The evidence that the bar might actually win came when I stopped in to see the Significant Other after my visit. "Ugh. You reek. You need to take a shower," he said.
As I washed the stench out of my hair, the S.O. moved my purse into a different room. The smokiness that clung to it was too much, he said. I became even more thankful for my balcony, where I regularly air out coats, purses, jeans and sweaters. I'm sure my neighbors love the sight of disheveled clothing on my broken lawn chair. I'm classy like that.
The next stop on the tour was the Clarette Club in Mission. I'd always liked the place it's a divey, laid-back bar. Because of a decent ventilation system and the fact that the bar takes up nearly an entire block, the smokiness factor isn't horrible.
I hovered near the bar and noted that most everyone in the pool-table area held cigarettes or cigars. That's where I met Louis French and Kendall Owen, two former Lawrencians who were sitting in front of the bar's semi-big-screen TV, watching the KU-Florida basketball game. During halftime, they shared their tales of smoking woe.
Louis is a nonsmoker but doesn't mind the haze in bars. "A lot of people in Lawrence don't go out because of it [the ban]. It changed Lawrence," said this 26-year-old, who now lives in Overland Park. Some of his friends would rather drive to Tonganoxie and Overland Park for a night out, he said.

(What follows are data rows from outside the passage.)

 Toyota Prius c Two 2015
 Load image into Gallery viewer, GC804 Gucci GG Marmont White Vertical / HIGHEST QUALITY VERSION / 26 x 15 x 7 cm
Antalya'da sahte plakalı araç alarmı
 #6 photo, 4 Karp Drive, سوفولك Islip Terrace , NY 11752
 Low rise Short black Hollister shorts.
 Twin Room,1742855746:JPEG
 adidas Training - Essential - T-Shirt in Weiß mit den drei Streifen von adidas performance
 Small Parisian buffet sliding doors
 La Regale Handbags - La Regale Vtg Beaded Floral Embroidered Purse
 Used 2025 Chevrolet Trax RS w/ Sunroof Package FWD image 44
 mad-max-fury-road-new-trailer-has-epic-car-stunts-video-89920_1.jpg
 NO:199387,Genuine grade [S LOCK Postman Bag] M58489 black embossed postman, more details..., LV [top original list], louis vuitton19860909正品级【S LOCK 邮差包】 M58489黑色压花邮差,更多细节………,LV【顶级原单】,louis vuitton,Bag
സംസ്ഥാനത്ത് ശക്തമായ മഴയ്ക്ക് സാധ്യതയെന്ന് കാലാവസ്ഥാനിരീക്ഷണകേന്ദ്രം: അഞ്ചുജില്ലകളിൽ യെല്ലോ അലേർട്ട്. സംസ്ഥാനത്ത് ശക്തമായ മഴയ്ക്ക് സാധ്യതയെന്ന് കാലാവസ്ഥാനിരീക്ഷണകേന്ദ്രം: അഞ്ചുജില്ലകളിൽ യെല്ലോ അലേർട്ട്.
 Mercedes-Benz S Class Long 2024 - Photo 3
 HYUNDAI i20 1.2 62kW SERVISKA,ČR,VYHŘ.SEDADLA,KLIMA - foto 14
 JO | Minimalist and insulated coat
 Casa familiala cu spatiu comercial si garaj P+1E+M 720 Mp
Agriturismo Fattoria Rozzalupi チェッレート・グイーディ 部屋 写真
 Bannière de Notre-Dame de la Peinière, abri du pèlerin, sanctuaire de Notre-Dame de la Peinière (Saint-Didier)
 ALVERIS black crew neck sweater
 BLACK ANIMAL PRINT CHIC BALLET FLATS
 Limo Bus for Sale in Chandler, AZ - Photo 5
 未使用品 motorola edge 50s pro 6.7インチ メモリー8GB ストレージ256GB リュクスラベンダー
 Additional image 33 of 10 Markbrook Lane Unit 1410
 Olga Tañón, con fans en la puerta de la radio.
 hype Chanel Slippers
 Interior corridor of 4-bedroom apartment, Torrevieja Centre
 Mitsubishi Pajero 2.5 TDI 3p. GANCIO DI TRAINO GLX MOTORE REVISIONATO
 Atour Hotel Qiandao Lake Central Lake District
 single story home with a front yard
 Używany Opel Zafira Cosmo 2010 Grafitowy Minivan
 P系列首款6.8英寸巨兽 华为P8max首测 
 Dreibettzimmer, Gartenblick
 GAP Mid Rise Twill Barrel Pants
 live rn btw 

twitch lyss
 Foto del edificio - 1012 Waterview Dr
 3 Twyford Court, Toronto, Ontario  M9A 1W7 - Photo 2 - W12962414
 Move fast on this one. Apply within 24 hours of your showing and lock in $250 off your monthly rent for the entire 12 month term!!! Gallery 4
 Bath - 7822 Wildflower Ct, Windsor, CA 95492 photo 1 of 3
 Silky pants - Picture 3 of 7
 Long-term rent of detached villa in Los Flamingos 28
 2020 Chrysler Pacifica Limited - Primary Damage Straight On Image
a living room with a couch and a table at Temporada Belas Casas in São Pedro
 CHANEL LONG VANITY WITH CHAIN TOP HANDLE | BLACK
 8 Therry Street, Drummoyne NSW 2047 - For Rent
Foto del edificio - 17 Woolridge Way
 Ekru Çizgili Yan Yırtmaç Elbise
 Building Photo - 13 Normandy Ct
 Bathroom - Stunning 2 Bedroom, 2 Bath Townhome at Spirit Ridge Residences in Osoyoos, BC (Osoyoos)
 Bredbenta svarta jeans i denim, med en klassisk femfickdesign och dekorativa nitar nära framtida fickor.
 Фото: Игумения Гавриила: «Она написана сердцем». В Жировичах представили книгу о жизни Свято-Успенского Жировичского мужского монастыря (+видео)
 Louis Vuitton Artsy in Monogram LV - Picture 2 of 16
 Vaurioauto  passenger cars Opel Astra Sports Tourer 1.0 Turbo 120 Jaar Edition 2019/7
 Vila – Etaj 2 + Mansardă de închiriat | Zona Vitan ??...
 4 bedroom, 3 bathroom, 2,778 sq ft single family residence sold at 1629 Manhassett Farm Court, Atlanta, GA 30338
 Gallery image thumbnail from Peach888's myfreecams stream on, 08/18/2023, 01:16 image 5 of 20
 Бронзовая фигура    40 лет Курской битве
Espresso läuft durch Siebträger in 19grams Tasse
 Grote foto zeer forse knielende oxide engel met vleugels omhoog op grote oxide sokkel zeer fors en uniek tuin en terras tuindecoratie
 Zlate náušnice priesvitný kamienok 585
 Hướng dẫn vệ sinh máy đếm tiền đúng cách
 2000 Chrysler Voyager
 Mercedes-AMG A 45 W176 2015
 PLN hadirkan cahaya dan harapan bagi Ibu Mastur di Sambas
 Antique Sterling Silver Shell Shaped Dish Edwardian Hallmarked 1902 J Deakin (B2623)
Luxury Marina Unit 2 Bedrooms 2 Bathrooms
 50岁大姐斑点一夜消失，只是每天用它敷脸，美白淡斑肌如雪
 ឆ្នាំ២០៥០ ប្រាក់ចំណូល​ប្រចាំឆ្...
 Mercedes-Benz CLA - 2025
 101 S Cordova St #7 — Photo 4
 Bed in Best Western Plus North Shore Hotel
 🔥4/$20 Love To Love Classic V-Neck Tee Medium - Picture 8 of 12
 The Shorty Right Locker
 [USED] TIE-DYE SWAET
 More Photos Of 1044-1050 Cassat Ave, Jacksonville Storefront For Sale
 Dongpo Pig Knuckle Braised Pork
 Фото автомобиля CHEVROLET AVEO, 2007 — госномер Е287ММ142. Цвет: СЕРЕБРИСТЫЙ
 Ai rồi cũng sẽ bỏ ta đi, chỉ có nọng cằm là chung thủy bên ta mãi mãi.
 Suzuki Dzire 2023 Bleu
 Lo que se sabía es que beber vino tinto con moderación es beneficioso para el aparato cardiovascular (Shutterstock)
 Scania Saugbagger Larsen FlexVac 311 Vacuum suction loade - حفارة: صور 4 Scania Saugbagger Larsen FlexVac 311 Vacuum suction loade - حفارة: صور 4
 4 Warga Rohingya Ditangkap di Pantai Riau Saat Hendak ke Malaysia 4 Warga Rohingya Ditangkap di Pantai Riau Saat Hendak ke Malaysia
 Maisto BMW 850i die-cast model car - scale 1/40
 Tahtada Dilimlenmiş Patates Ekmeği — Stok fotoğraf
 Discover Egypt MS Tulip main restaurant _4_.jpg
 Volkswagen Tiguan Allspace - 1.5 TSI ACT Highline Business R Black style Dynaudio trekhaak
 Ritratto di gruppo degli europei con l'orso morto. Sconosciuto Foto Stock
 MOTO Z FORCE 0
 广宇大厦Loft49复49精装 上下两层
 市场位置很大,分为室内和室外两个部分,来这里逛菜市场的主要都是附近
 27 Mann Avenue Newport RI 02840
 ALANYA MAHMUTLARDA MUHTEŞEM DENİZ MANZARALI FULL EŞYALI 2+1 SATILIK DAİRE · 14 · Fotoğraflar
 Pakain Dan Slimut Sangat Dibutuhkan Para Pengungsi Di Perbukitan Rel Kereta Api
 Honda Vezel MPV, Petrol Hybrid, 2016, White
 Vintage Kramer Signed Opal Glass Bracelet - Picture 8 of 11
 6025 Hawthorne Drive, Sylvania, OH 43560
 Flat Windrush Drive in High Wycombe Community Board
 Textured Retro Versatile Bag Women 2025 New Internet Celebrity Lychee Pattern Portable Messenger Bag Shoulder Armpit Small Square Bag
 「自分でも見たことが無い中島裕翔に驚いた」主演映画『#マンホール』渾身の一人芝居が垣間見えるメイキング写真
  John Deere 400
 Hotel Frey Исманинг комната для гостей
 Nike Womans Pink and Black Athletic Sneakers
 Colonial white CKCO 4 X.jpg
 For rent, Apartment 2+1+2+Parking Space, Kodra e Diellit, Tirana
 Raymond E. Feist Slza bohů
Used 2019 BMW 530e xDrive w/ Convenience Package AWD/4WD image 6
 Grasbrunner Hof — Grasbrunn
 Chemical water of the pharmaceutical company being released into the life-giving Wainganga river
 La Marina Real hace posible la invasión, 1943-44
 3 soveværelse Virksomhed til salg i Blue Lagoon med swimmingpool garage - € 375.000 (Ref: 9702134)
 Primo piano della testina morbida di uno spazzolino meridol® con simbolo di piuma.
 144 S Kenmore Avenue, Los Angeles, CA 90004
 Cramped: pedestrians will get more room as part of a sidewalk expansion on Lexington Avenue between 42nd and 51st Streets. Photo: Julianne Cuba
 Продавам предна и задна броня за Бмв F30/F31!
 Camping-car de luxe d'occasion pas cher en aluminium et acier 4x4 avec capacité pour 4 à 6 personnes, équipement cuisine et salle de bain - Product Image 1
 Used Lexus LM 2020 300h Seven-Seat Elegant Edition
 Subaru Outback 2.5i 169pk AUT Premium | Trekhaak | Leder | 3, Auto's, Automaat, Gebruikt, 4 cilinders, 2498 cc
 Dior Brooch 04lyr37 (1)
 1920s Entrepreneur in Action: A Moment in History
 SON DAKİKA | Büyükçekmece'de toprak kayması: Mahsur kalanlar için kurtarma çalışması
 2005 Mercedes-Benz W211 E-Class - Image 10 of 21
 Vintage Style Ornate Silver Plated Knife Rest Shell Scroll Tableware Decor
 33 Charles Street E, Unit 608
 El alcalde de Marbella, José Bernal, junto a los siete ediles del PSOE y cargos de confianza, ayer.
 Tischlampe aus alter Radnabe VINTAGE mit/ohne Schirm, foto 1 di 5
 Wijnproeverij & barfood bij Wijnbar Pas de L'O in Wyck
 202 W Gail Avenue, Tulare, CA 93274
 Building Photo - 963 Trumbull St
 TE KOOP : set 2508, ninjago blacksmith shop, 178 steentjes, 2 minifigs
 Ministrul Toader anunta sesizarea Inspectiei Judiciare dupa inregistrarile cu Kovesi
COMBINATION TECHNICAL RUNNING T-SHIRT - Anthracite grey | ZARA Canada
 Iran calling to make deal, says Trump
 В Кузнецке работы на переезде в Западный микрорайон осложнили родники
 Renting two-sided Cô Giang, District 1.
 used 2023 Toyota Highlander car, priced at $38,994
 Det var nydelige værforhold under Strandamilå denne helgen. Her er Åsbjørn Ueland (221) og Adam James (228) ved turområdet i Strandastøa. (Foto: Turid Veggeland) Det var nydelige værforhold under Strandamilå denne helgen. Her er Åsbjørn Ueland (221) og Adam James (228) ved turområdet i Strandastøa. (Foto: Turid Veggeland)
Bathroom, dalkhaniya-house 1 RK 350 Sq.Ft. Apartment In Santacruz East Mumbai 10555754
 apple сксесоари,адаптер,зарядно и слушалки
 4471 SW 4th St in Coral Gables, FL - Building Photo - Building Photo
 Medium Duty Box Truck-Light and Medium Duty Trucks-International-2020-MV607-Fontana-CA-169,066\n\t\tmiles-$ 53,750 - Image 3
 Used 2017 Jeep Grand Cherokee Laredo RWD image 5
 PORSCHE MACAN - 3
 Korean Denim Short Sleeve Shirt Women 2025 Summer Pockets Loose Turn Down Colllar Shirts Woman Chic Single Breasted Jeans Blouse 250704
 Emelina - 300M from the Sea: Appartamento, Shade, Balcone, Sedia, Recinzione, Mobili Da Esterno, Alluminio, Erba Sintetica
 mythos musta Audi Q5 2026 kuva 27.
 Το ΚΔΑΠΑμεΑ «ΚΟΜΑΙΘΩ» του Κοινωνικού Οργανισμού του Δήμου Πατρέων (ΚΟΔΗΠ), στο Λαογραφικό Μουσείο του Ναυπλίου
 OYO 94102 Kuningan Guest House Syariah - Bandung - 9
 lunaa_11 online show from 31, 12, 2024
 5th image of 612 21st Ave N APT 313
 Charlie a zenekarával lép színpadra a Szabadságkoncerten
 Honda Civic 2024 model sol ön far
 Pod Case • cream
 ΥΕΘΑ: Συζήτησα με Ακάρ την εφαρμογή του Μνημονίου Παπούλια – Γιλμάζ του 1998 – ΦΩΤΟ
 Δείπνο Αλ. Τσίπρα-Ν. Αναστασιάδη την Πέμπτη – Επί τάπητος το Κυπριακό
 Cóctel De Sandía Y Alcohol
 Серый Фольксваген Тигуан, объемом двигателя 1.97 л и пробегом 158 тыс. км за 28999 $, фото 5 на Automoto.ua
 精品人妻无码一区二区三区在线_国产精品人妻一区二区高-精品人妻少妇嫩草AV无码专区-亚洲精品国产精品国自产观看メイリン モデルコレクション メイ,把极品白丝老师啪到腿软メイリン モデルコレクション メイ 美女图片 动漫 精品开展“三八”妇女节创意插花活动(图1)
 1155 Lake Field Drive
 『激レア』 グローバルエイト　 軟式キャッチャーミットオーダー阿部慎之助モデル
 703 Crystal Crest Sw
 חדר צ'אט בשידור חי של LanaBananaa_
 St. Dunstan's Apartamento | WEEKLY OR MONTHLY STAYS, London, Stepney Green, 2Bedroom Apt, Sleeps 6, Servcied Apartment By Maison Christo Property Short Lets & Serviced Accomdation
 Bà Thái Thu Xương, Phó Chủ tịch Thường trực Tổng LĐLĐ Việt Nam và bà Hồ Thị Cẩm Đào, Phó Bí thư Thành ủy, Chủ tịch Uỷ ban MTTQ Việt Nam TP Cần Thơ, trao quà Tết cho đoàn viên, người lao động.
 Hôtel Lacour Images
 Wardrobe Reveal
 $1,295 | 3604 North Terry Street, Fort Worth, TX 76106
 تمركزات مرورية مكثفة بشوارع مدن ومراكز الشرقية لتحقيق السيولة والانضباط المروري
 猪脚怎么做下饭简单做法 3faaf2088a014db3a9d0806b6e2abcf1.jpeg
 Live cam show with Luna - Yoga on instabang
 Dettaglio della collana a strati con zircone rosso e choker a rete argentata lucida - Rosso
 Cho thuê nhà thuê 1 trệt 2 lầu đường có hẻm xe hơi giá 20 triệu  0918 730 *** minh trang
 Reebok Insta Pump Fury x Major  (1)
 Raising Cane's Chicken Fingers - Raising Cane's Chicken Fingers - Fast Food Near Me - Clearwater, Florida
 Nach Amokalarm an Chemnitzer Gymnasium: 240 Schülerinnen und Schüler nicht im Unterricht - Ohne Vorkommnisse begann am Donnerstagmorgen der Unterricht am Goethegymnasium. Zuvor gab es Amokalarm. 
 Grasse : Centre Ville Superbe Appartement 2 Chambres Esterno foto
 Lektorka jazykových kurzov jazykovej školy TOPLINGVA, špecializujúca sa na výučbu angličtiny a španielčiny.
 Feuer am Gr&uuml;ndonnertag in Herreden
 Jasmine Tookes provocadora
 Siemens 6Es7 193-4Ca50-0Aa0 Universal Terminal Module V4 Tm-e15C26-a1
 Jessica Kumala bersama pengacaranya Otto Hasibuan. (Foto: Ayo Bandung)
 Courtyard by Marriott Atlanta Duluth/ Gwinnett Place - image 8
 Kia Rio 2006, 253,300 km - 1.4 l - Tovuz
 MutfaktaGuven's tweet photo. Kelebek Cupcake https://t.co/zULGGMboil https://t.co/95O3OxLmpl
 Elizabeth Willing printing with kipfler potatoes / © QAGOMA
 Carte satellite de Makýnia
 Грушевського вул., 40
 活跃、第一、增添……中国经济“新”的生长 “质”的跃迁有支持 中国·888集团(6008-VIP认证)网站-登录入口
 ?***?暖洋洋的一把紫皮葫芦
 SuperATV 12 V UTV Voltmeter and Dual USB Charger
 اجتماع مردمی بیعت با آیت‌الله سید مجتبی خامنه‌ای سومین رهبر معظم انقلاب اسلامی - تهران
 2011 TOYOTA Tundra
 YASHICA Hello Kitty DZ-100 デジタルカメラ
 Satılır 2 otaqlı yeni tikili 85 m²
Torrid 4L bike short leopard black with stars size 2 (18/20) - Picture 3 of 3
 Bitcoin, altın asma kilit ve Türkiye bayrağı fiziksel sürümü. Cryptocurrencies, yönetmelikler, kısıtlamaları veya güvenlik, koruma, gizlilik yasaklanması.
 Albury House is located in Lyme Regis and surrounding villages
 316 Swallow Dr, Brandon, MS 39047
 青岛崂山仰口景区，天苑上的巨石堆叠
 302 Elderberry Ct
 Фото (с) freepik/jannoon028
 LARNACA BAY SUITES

Kendall, also 26, said he moved to Wichita because of the ban in Lawrence. Kendall is a former bar manager at J.B. Stout's Sports Bar and Grill and has worked at other bars and restaurants for the past six years. "It forced a lot of successful businesses to modify practices," he said eliminating cigar sales and adding patio seating, for example.
Both guys sympathized with the fact that I have to air out my manky clothes on my balcony.
"Look, smokers don't mind going outside," Kendall said. "It's just the older people who are set in their ways."
As I prepared to leave, I realized that the Clarette Club didn't leave me feeling smoked out. That's surprising, because the Clarette Club once sent me a T-shirt after I had written about the place, and the shirt carried a strong odor of cigarettes. And when the bar mailed some ballots for our Best of Kansas City issue, the package positively reeked of smoke.
After my excursion, the whiff factor on my black cotton sweater that I dropped into Tupperware was still above-average.
I also concluded that my smoke detector, which remained silent, probably wasn't the best tool to use in this highly scientific experiment. For some reason, "photoelectric technology" didn't translate to "nasty-smelling bars."